Quarante-quatre royaumes auraient déjà signé cette déclaration, instaurant une autorité parallèle, avec tribunaux traditionnels, police coutumière, gouvernance clanique. Le terme même d’État kanak est revendiqué, mais en rupture avec le modèle occidental : pas d’élections, pas de pluralisme, une hiérarchie coutumière centrale, appuyée sur les clans.
Ce projet, qualifié de « retour aux racines », s’attaque aux fondements mêmes du modèle républicain calédonien. Il ambitionne de réorganiser l’ensemble du territoire, en imposant des logiques foncières et coutumières au-dessus du droit commun.
Le discours est clair : l’identité kanak passe avant la cohabitation communautaire, avant l’économie, avant le dialogue. Il ne s’agit plus de « rééquilibrage », mais d’un changement de régime.
Décolonisation, terres, chefferies : la revanche des clans déplacés
Derrière ce discours radical, une revendication historique ressurgit : les clans déplacés par la colonisation.

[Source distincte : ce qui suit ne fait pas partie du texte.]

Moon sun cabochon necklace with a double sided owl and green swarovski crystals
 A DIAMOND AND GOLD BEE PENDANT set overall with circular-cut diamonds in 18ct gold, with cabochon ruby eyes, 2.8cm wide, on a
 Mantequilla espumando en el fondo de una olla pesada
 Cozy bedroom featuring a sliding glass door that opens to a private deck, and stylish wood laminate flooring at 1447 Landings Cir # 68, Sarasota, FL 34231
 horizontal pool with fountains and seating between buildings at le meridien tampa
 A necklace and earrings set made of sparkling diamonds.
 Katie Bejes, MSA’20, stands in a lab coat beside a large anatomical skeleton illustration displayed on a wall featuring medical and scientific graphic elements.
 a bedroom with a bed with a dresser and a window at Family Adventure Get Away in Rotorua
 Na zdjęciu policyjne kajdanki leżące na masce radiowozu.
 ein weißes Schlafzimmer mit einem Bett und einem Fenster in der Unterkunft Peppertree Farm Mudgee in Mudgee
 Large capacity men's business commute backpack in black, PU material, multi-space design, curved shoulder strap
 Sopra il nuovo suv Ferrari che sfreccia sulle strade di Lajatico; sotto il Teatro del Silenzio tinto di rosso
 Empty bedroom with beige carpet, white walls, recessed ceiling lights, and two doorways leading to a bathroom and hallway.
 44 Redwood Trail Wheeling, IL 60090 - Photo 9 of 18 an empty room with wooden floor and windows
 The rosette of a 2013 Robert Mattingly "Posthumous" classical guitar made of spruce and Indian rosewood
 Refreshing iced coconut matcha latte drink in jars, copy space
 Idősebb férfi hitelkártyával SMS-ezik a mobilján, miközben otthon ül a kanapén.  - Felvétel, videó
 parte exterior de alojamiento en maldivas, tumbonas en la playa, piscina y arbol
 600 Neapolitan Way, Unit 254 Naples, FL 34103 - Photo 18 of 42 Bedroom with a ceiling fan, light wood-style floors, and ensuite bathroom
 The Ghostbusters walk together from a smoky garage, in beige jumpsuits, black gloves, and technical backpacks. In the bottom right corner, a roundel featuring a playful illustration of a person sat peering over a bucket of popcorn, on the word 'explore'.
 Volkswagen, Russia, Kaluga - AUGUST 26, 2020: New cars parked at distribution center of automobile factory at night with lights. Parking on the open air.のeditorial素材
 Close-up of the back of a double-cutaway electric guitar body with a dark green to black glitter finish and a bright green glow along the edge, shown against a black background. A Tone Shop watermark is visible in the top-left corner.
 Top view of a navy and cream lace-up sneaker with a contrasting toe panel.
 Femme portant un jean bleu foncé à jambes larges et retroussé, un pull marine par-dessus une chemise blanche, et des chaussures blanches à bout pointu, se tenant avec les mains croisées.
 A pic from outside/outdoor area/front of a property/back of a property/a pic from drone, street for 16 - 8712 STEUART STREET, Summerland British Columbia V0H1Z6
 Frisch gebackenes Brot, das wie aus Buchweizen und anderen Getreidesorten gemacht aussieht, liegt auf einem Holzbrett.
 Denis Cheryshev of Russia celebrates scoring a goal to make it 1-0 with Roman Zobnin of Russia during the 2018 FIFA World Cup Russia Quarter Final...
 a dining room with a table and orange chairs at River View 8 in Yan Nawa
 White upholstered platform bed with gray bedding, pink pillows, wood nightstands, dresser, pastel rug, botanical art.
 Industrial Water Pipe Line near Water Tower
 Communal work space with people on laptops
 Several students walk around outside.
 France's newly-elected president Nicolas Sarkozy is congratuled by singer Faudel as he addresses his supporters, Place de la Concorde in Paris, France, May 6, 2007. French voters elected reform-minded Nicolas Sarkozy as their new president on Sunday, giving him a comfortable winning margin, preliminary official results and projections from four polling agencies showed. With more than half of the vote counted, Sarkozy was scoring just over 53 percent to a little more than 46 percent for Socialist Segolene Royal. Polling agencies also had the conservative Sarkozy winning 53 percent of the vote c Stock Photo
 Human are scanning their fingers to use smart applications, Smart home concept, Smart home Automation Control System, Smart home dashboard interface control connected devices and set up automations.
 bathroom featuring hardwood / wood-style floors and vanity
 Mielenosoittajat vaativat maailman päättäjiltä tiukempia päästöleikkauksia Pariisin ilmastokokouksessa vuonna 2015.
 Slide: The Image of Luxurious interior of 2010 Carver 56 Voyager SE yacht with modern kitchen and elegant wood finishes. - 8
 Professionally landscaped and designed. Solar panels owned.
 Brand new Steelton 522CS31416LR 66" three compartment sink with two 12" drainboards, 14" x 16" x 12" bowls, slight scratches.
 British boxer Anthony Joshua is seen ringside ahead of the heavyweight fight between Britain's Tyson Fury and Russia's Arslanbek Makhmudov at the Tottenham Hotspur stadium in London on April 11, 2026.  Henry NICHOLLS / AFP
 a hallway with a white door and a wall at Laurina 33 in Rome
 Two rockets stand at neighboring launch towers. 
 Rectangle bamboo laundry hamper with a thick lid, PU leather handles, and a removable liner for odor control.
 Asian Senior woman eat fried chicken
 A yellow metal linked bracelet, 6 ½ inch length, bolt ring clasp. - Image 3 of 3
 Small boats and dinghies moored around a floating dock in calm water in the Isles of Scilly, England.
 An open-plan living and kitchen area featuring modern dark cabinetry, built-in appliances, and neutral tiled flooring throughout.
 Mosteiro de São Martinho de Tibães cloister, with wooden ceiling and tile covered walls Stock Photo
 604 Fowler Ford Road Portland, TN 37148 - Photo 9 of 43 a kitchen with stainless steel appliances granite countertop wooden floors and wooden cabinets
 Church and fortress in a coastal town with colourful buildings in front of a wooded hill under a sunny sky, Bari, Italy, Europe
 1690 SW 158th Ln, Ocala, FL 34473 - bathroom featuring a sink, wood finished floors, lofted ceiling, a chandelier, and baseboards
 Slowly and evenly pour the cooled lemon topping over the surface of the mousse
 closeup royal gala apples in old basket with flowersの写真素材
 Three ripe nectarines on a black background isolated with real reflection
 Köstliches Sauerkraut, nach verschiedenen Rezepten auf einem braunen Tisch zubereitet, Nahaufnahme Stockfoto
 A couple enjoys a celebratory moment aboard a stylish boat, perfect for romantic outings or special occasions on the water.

Selon le grand chef, avant tout projet politique, il faut régler « la dette coloniale » : rendre les terres, redessiner les chefferies, réparer les humiliations d’hier.
Pour lui, la décolonisation n’est pas un processus juridique ou administratif. C’est une reconstruction identitaire, une réinstallation symbolique des puissances traditionnelles. Et cela ne peut se faire qu’avec l’État français.
L’histoire se passe avec la colonisation. On est en train de décoloniser. Et c’est à la France qu’on doit parler, insiste-t-il.
Mais la parole est à sens unique : pas d’ouverture à ceux qui contestent le projet, même à l’intérieur du monde kanak. Les loyalistes kanak sont marginalisés, interdits de déplacement à Maré, dans un geste politique controversé.
Ce n’est pas une atteinte à la liberté d’expression, répond-il. Mais les blessures sont trop récentes. Des familles n’ont pas fait leur deuil.
L’interdiction vise donc les signataires loyalistes de l’accord, responsables selon lui de la révolte de 2024.
Les déclarations des clans de Maré ont fait bondir le représentant de l’État, qui, dans un communiqué de presse diffusé ce mercredi 6 août, a rappelé que les libertés fondamentales ne sont pas que des notions philosophiques, mais bien une réalité démocratique, et qu’il fera tout pour les faire respecter, jusqu’à sanctionner toute autorité qui les piétinerait.
L’internationale des peuples autochtones… via l’Azerbaïdjan
Pour renforcer ce projet de souveraineté coutumière, les signataires ont adhéré au Groupe d’initiative de Bakou, un organisme international lié à l’Azerbaïdjan. Une décision qui interroge, tant le régime de Bakou est dénoncé pour ses atteintes aux droits de l’homme.
Mais là encore, le chef assume :
On ne travaille pas avec l’Azerbaïdjan, mais avec une structure qui soutient les peuples en décolonisation.
Objectif : porter le projet kanak à l’international, en contournant les blocages institutionnels. L’ONU n’ayant jamais reconnu la déclaration unilatérale, l’axe de Bakou représente une stratégie d’escalade diplomatique, dans un face-à-face de plus en plus tendu avec Paris.
Le paradoxe est criant : d’un côté, les chefs revendiquent l’accompagnement de l’État français dans le processus de décolonisation ; de l’autre, ils s’en remettent à un réseau autoritaire et contesté, pour faire avancer leur cause. La rupture semble de plus en plus idéologique.
Ce n’est pas seulement un projet politique, mais une refondation civilisationnelle, reposant sur la primauté des traditions, la fermeture à la démocratie, et la création d’un État monarchique coutumier.
Le discours du grand chef marque une radicalisation sans précédent. En refusant la démocratie, en promouvant une monarchie clanique, il propose un autre avenir pour la Kanaky : hors des institutions républicaines, hors des accords, et même hors du droit français.
Le projet soulève des questions majeures : peut-on restaurer une souveraineté autochtone sans sombrer dans l’autoritarisme ? Peut-on effacer les crimes de la colonisation sans rejeter les valeurs démocratiques ?
Le choix est posé. Et il ne fait aucun doute : le grand chef veut régner, et non gouverner.